Man könnte glatt verzweifeln ob dessen, was in kürzester Zeit offenbar sag- und machbar, ja, salonfähig geworden ist: Statt konstruktiver Kritik schlägt einem oft blanker Hass entgegen, Kommentare gehen unter die Gürtellinie, und Aktion und Reaktion stehen immer weniger in einem Verhältnis zueinander. Es obliegt anderen zu bewerten, ob die sozialen Medien nun ein Nährboden oder ein Brandbeschleuniger sind, eine Verrohung lässt sich aber längst nicht mehr nur dort ausmachen, sondern ist in der gesamten Gesellschaft und in der Politik Usus geworden. Vergessen ist, dass Meinungsfreiheit zwar jede Meinung zulässt, dass man aber nicht alles, was man sagen kann, auch sagen sollte. Moralische Grenzen sind längst vielfach niedergerissen, von Spaltern und Hetzern. Hauptsache laut, denn offenbar fällt es vielen immer noch leicht, jenen zu folgen, die sich als starker Maxe aufführen, als Besserwisser, die sich angeblich trauen, Wahrheiten zu benennen, was aber nur dazu dient, aufzuwiegeln und Stimmen zu fangen, statt realistische und vor allem verträgliche Lösungen für das Gemeinwohl zu finden.

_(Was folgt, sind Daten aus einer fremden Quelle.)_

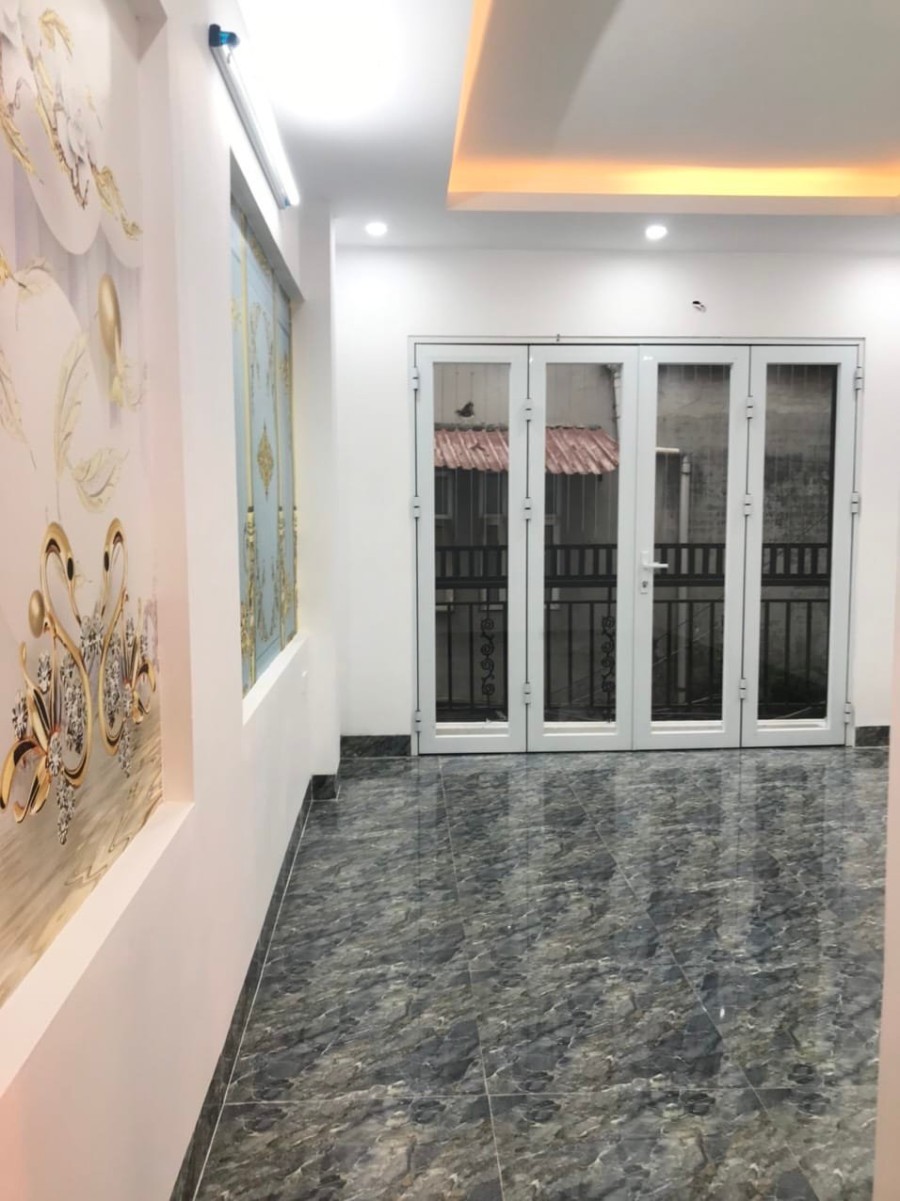 Bán nhà đẹp phố Văn Chương ngõ trước cửa thông thoáng giá bán chỉ nhỉnh 2 tỷ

Man muss sich schon fragen, warum es in einem Land wie Deutschland, noch dazu in Oberbayern, so unfassbar viele Unzufriedene gibt, die bereit sind, Werte, Moral und Miteinander über Bord zu werfen zugunsten extremer Parteien. Ein Land, wo so gut wie jeder ein Leben lebt, von dem die Mehrheit der Welt nur träumen kann. "Count your blessings", sagen englischsprachige Menschen manchmal, auf Deutsch: Zähle mal all das Gute in deinem Leben. Und genau das sollte jeder hierzulande öfter tun. Sich vergegenwärtigen, wie gut wir es haben, dank der Freiheit und der Demokratie - und dass wir das erhalten sollten.
Um gleich einmal den Anfang zu machen: Es ist gut, dass sich gerade auf den Straßen etwas rührt. Es mag durchaus Zweifler geben, die die Wirkung solcher Demonstrationen als temporär abtun, oder - vielleicht zu Recht - anmerken, dass es sich um eine Blase handelt, in der eh nur jene Menschen erreicht werden, die bereits ähnlich denken. Nicht aber jene, mit denen man doch dringend den Dialog suchen müsste. Ja, es darf nicht alleine bei Demos bleiben, es muss weitergehen: Wer auf der Straße sich zu Toleranz und Offenheit bekennt, muss das auch zu Hause, im Job, überall leben und mit jedem Nachbarn das Gespräch suchen.
Und wer befürchtet, dass das alles eh nichts mehr bringt, dem sei gesagt: nicht verzweifeln. Weitermachen. Vor wenigen Tagen riefen Bekannte aus Schottland durch. Sie hatten in den Nachrichten von den Demos in Deutschland erfahren und wollten kurz sagen, wie froh sie sind, dass Deutschland diese Zeichen setzt. Die Außenwirkung also ist mindestens genauso wichtig wie die Innenwirkung. Ganz im Sinne von lokal handeln, aber global wirken.